Ce terme a été utilisé jusqu’au milieu des
années 70, avant l’informatisation de masse. Les écritures étaient alors passés
par un(e) employé(e) qui prenait le « carton perforé » du client,
vérifiait le solde, et tapait le montant sur le clavier de sa machine..
En
cas d’absence de provision, l’employé(e) « écartait » la fiche
concernée. Un(e) employé(e) comptable apportait alors le paquet de fiches au
« chargé de clientèle ».
Ceci
à disparu depuis 40 ans dans les banques.
Bien
sûr, les avocats actuels des banques ne peuvent connaître ces subtilités et ces
précisions. C’est pour cette raison qu’ils utilisent encore, 40 ans après, le
terme « frais d’écarté » qui est galvaudé.
« L’ordinateur
prend les frais automatiquement »
L’ordinateur peut-il s’affranchir des lois
imposées aux humains ? Non bien sûr, et l’argument est ridicule. C’est pourtant
celui qui est le plus fréquemment utilisé par le personnel des agences.
« Les frais sont
pris car le découvert est non-autorisé »
Et qui n’a pas autorisé le découvert en
contradiction avec l’employé qui a accepté de prêter les fonds pour le paiement
de l’écriture.
Rappelons que la notion de « découvert non
autorisé » si souvent mise en avant par les banques, n’a aucun sens puisque le
banquier a toute latitude pour accepter ou refuser (cf. conventions de compte)
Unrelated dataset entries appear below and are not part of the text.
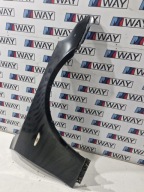 BMW E60 E61 fender right front 668 SCHWARZ II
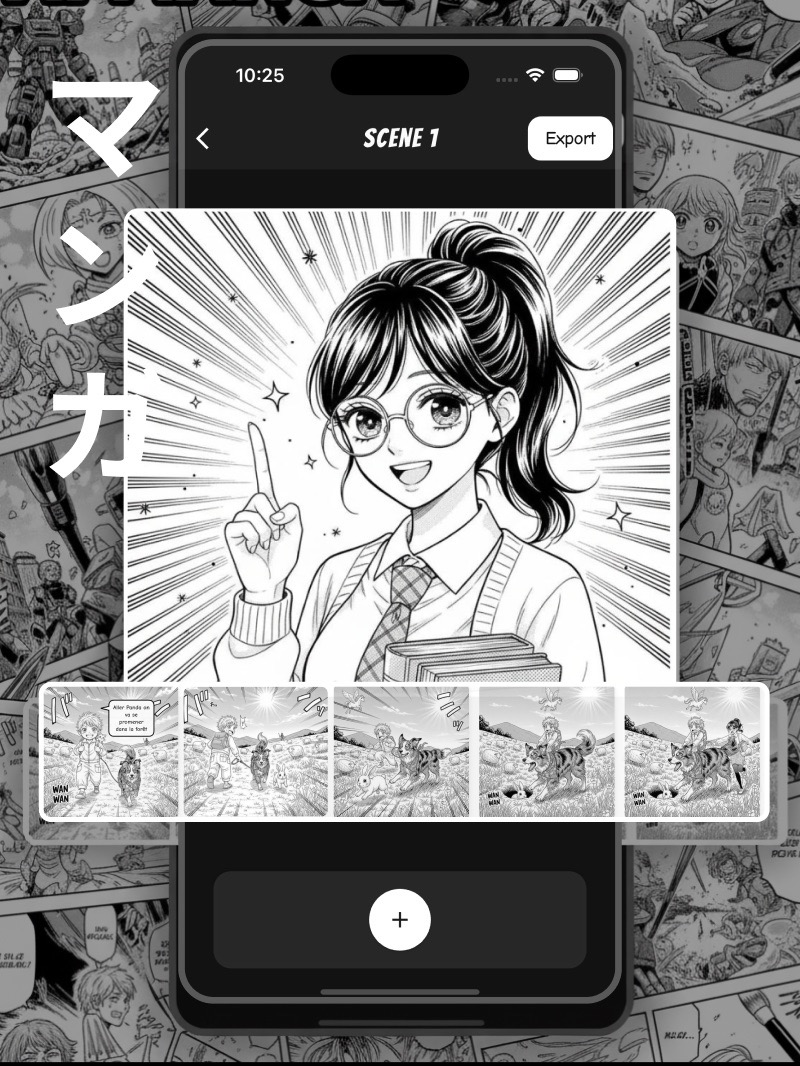 AI Manga Maker 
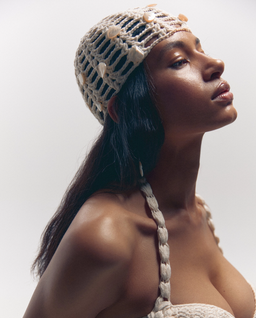 Pleciona czapka Cleo - Image #0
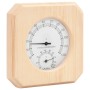 Hygrothermograph and hourglass for sauna 2 in 1 pine wood by vidaXL, sauna accessories - Ref: Foro24-51687, Price: 29,57 €, D...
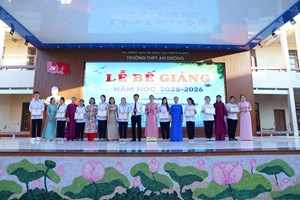 Trường THPT An Dương: Khép lại một hành trình, lan tỏa giá trị của sự trưởng thành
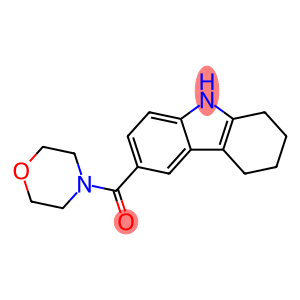 6-(morpholin-4-ylcarbonyl)-2,3,4,9-tetrahydro-1H-carbazole
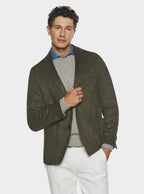 Giacca effetto scamosciato. - StepByStep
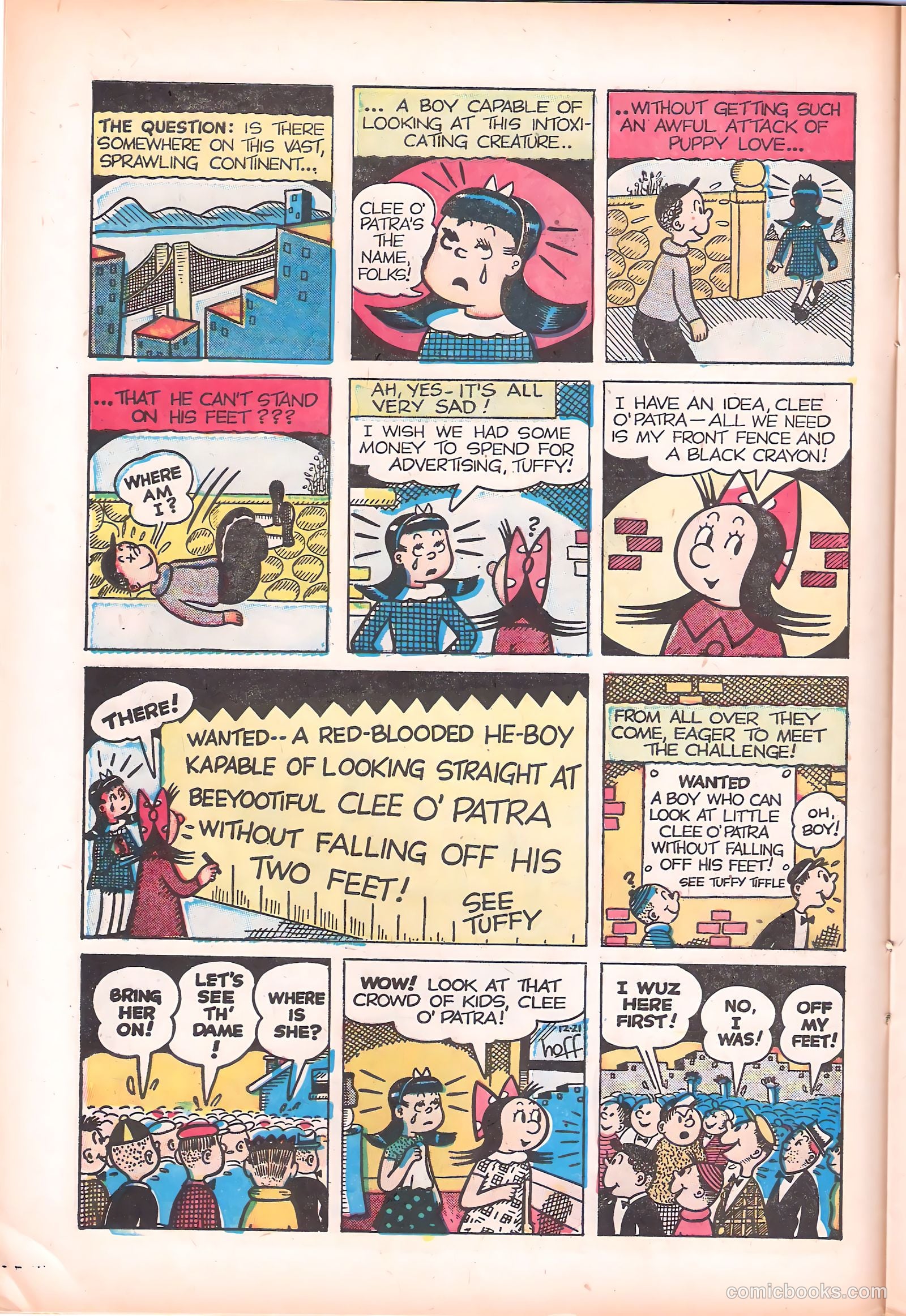 Tuffy #8 (1950) — page 10 of 36
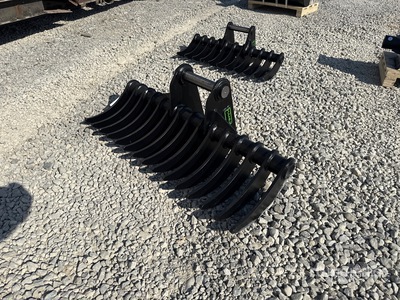 2026 Haener HBR1000-P45A Lifting Excavator Rake (Unused)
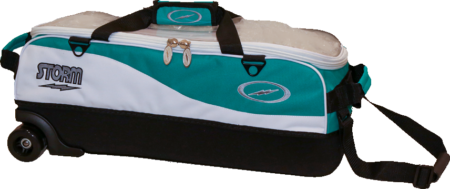 Storm 3 Ball Travel Tote Pro White/Teal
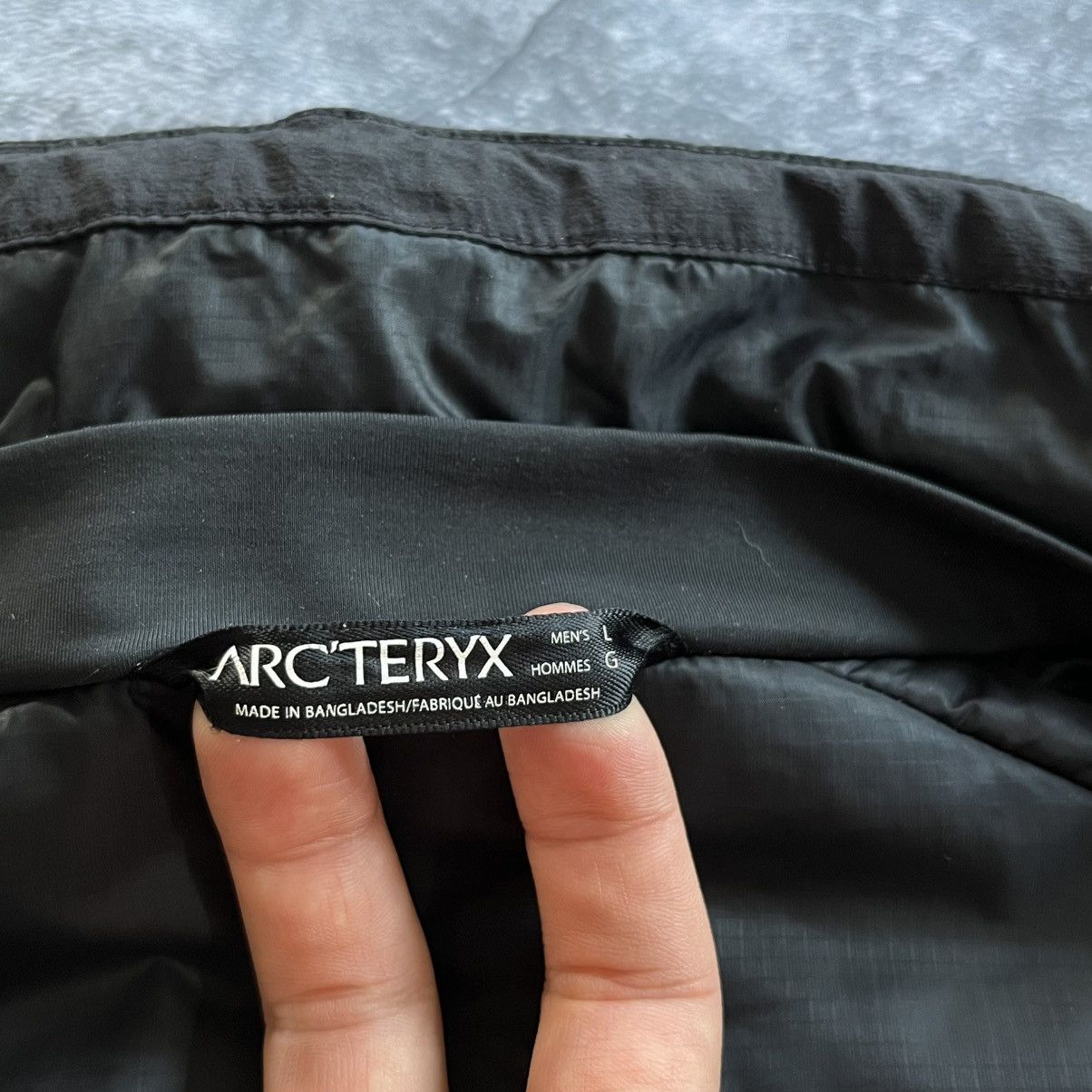 Arc'teryx Arc'teryx Atom LT Hoody Mens Black Full Zip Coat Jacket Size US L / EU 52-54 / 3 - 14 Thumbnail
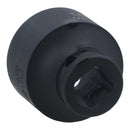 Douilles à chocs peu profondes métriques à entraînement 1/4" 6 pans 14 pièces 4 mm - 15 mm US Pro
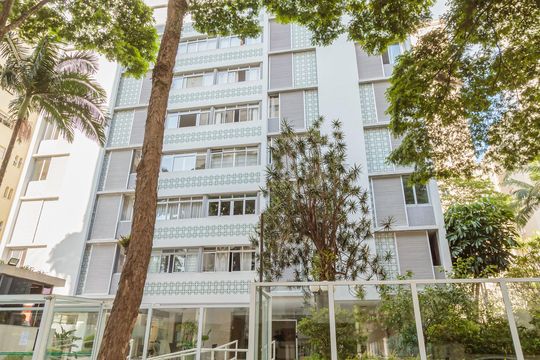 Apartamento à venda, com 128 m², 3 quartos e 2 vagas — Fachada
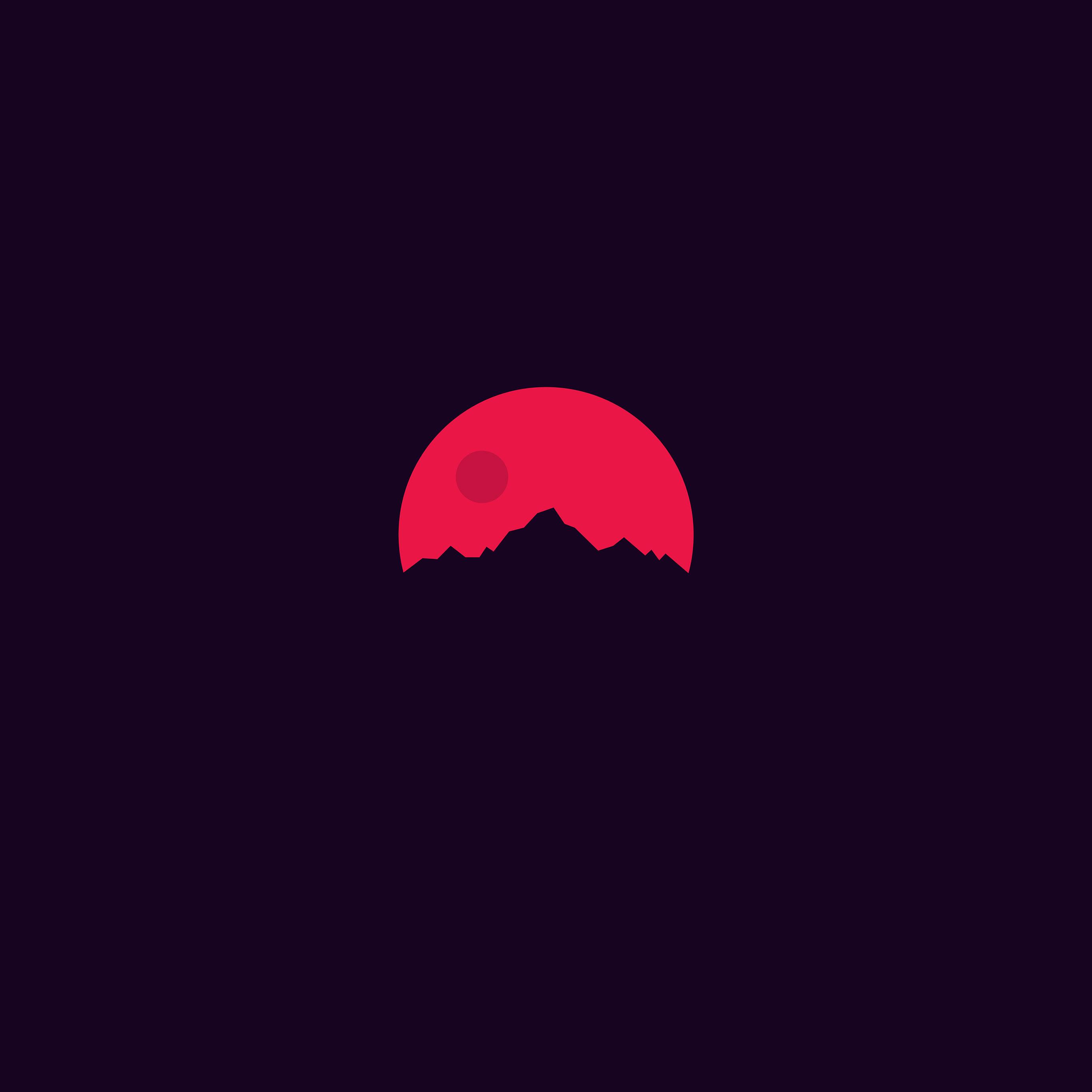 Sunset Minimalism Wallpapers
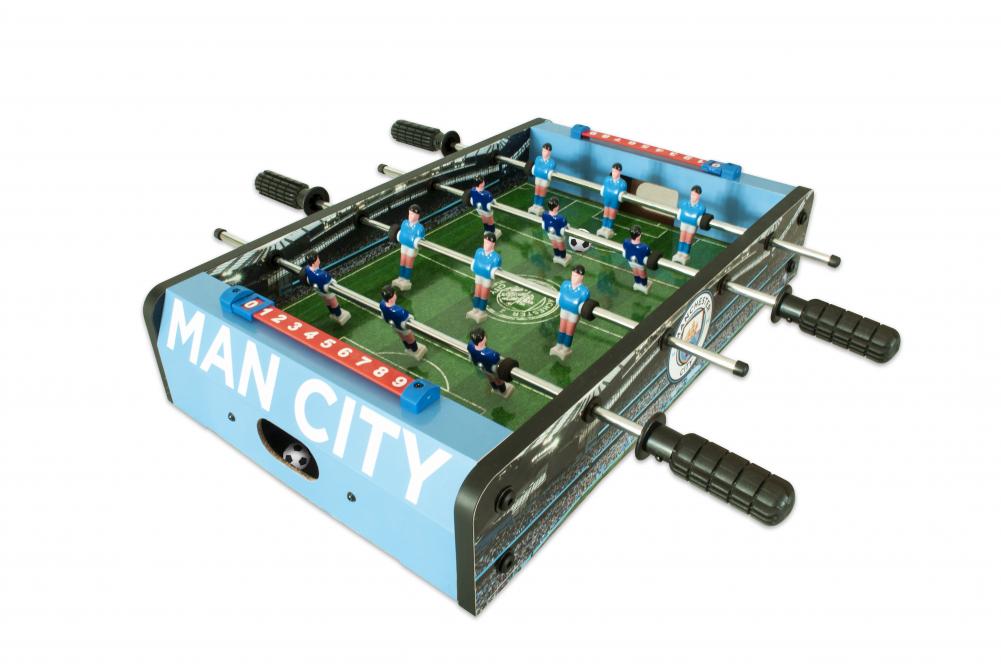Manchester City FC - 20 inch Football Table Game - Toys & Games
Le vrai terme est « découvert non
contractualisé. »
En conclusion
D’un montant de
l’ordre de 8€, les commissions d’intervention rémunèrent la décision de l’agent
d’accorder un découvert sur un compte afin quel le client puisse honorer une
écriture.
Ces frais
alourdissent le coût des découverts et augmentent mécaniquement le taux
effectif global.
Les banques sont
parfaitement conscientes que ces frais d’intervention doivent être inclus dans
le TEG. Mais le reconnaître les obligerait à rembourser leurs clients.
Cette étude
établie des FAITS.
Ces FAITS sont
soumis contradictoirement à la banque.
Force est de
constater que la banque ne conteste pas les FAITS.
A ces FAITS, la
banque oppose des HYPOTHESES.
Seuls les FAITS
dûment établis et reconnus par l’adversaire peuvent servir de base au jugement.